Ledgerwood was most involved with the Moderna vaccine, which was built on pre-existing research on SARS and MERS as well as Moderna’s research on previous mRNA candidates. The annual flu vaccine is quite different because it’s developed from inactivated virus, but that wasn’t a type chosen for COVID vaccines, Ledgerwood said.
“We took newer technologies, newer approaches. What’s most important to know about mRNA is it’s fast, and it’s a platform. That means that you can make it in almost the same way for SARS-CoV-1 as you can for another virus. You’re not reinventing the wheel for each vaccine,” she said. “The platform is consistent and the antigen, the viral gene, is what’s new. That makes it very reassuring for regulatory and safety experts because very little is changing from vaccine to vaccine — unlike with a protein vaccine or an inactivated vaccine, which are all very distinct.”
Ledgerwood said she understands some people are concerned about the relatively quick development of the COVID vaccines.
“In vaccine development there are required elements that generally always occur in a series — you do some studies in a lab, then you analyze the data, you do some studies with animals, then you analyze the data, then you launch a regulatory packet to go into human studies and you analyze the data,” she said, and that data analysis often takes months or even years. “What we did with the COVID vaccines was … move in parallel. We did laboratory work, animal work and the regulatory packet simultaneously, and then started the human trial.”
No corners were cut, and no steps were skipped, she said.
“Think of it as trying to build something quickly. If you have more people, more resources involved and you worked around the clock, you could build it more quickly. It wouldn’t be built any less robustly, it was just all built at the same time and then it came together,” she said. “It’s not that we skipped steps — we didn’t skip any steps, we did them as fast as humanly and technologically possible, and as much as possible, we did everything at the same time.”
'I'm really proud'
Ledgerwood said even though there are now several COVID-19 vaccines being utilized around the world, it doesn’t mean the job of researchers and scientists is done, noting another pandemic could happen anytime.

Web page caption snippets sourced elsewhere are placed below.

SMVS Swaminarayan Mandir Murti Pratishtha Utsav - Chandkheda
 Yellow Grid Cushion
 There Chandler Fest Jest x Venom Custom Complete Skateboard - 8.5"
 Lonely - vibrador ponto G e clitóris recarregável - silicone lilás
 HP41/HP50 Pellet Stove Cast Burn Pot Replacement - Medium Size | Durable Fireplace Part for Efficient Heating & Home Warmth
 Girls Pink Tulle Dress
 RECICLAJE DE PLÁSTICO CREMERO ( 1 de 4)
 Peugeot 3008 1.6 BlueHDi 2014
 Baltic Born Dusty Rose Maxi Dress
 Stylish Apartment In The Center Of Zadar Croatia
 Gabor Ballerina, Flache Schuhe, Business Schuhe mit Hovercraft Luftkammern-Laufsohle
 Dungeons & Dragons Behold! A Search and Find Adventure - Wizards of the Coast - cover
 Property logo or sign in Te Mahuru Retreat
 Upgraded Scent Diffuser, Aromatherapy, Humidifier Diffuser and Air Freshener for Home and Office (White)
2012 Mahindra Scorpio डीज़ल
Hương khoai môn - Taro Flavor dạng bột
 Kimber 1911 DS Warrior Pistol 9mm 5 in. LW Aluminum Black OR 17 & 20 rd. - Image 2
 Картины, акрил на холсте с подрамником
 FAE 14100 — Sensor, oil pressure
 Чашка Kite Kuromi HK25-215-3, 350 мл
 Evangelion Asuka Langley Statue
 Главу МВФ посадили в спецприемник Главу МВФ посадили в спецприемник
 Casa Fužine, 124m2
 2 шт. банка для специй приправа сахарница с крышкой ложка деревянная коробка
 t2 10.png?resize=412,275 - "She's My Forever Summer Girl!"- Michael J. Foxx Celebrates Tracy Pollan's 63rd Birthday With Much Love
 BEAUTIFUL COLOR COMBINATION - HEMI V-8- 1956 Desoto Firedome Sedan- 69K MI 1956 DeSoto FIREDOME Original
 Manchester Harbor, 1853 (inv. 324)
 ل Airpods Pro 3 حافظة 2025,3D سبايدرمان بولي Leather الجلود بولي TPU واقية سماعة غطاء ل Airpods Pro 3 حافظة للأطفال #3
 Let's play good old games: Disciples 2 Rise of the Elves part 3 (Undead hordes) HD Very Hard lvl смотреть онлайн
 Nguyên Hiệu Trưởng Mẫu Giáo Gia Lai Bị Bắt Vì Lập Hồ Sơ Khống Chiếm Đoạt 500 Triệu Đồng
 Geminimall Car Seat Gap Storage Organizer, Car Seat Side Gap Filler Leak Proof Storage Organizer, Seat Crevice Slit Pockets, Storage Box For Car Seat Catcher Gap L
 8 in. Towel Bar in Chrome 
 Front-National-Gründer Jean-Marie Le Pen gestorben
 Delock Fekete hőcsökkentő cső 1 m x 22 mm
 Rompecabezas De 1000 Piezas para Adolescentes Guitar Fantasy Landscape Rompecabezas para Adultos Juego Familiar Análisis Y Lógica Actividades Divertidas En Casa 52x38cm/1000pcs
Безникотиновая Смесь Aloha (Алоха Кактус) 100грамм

That’s why it’s important epidemiologists, immunologists and vaccine researchers around the world are prepared with advanced technologies and anticipate the most likely needs in the next outbreak or pandemic.
And Ledgerwood said the next time may be different and more difficult.
“Some viral families we don’t know as much about, and we should. Having some pandemic preparedness research occur for all the major or most likely virus families involved in an outbreak is essential. If you’re prepared with the knowledge to respond quickly, you can do so,” she said.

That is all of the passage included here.